Hun voorlopige aanstelling stopt uiterlijk op de benoeming van de eerste inspecteur(s), overeenkomstig artikel 31 van het koninklijk besluit van 25 oktober 1971.

Art. 5.Als de kandidaat voor een eerste benoeming in het bevorderingsambt van godsdienstinspecteur werd aangesteld als personeelslid aan wie de inspectieopdrachten werden toevertrouwd overeenkomstig artikel 4, wordt het in artikel 31, tweede lid, 6°, van het koninklijk besluit van 25 oktober 1971 bedoeld vereist verslag opgemaakt door het hoofd van de eredienst of diens afgevaardigde. HOOFDSTUK III. - Slotbepaling

Art. 6.Wanneer een personeelstekort is vastgesteld door de Regering, kan deze, op de voordracht van het hoofd van de eredienst, de lijst aanvullen van de vereiste bekwaamheidsbewijzen zoals bedoeld in de bijlage van het koninklijk besluit van 25 oktober 1971 tot vaststelling van het statuut van de leermeesters, de leraars en de inspecteurs katholieke en protestantse, Israëlitische, orthodoxe en islamitische godsdienst der inrichtingen van de Franse Gemeenschap.

Kondigen dit decreet af, bevelen dat het in het Belgisch Staatsblad moet verschijnen.
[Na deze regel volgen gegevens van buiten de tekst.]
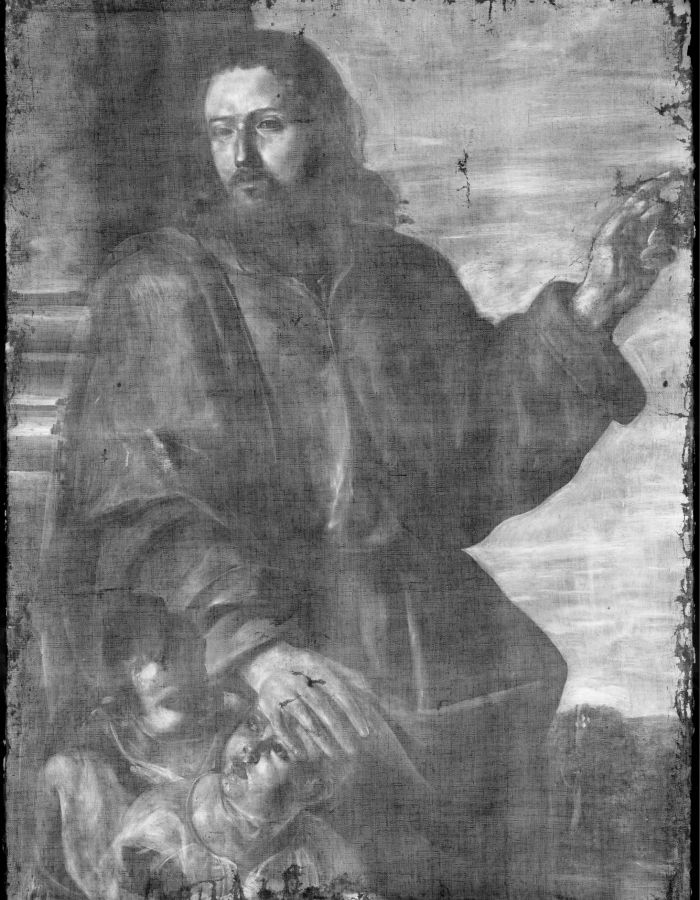 X-radiography – Full composition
Gedaan te Brussel, op 27 maart 2002.

De Minister-President, belast met Internationale Betrekkingen, H. HASQUIN De Minister van Cultuur, Begroting, Openbaar Ambt, Jeugdzaken en Sport, R. DEMOTTE De Minister van Kinderwelzijn, belast met het Basisonderwijs, de Opvang en de opdrachten toegewezen aan de ONE', J.-M. NOLLET De Minister van Secundair en Buitengewoon Onderwijs, P. HAZETTE De Minister van Hoger Onderwijs, Onderwijs voor Sociale Promotie en Wetenschappelijk Onderzoek, Mevr. F. DUPUIS De Minister van Kunsten en Letteren en van de Audiovisuele Sector, R. MILLER De Minister van Jeugdbijstand en Gezondheidszorg, Mevr. N. MARECHAL _______ Nota Zitting 2001-2002.

Documenten van de Raad. - Ontwerpdecreet, nr. 248-1. - Commissieamendementen, nr. 248-2. - Verslag, nr. 248-3.

Integraal document. - Bespreking en stemming. Vergadering van 26 maart 2002.